Algo no va bien, se escuchan gritos y lamentos, al girar la esquina, la escena que contemplan mis ojos vidriosos es comparable a la de una película de clanes vikingos luchando por el territorio.
En milésimas de segundo un hermano cae a plomo sobre el asfalto, sus ojos en blanco, su cuerpo inmóvil, su rostro palidecido contrasta con el charco rojo que se derrama en la calzada...la bestia se despierta, el cortocircuito en la placa base de un cerebro provoca el apagón de la cordura, cuerdas vocales descargan improperios que resuenan como aullidos de un lobo rabioso que no conoce, que no atiende a razones, su manada trata de calmarlo pero, ya es demasiado tarde, ya no hay vuelta atrás.

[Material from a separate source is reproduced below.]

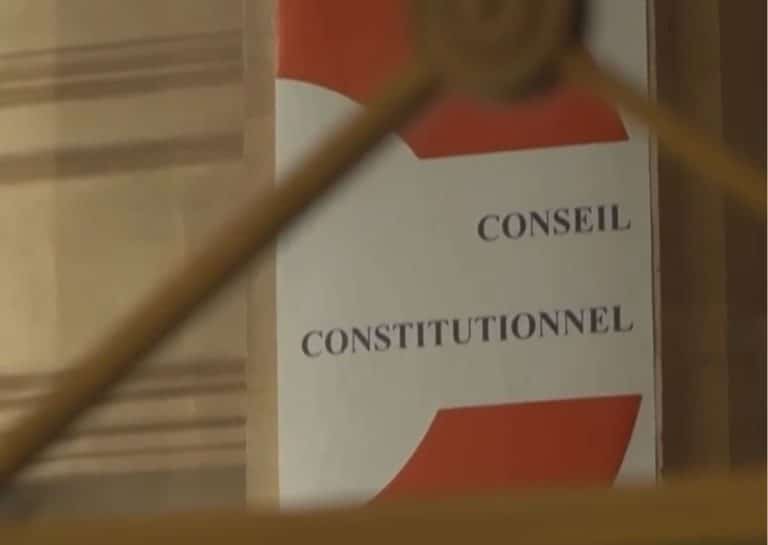 Fin de vie : rupture majeure dans le droit français, le Conseil constitutionnel entérine la levée de l'interdit de tuer.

La batalla se convierte en una carnicería, no hay piedad, el caos impide la percepción de la llegada del clan militar que necesita de todo su efectivo para reducir a la bestia, que sigue retorciendose de rabia.
-Tranquilo, tu amigo está bien.
La bestia llace aturdida y es depositada en el carro blindado.
Esta noche dormirá caliente.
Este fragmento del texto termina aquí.